Action item —
Go through the records and report each line in which the word "para" occurs.

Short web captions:
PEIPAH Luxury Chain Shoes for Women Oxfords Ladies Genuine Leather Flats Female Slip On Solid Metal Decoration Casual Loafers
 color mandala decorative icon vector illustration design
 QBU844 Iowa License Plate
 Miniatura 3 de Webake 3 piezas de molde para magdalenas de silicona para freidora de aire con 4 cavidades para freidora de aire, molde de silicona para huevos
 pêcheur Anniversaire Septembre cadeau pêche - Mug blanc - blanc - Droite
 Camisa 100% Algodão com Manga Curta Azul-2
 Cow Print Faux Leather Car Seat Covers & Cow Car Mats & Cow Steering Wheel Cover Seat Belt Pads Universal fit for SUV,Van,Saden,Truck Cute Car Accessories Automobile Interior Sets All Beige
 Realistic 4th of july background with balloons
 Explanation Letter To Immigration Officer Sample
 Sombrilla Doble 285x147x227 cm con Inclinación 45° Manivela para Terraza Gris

Written response —
 Miniatura 3 de Webake 3 piezas de molde para magdalenas de silicona para freidora de aire con 4 cavidades para freidora de aire, molde de silicona para huevos
 Sombrilla Doble 285x147x227 cm con Inclinación 45° Manivela para Terraza Gris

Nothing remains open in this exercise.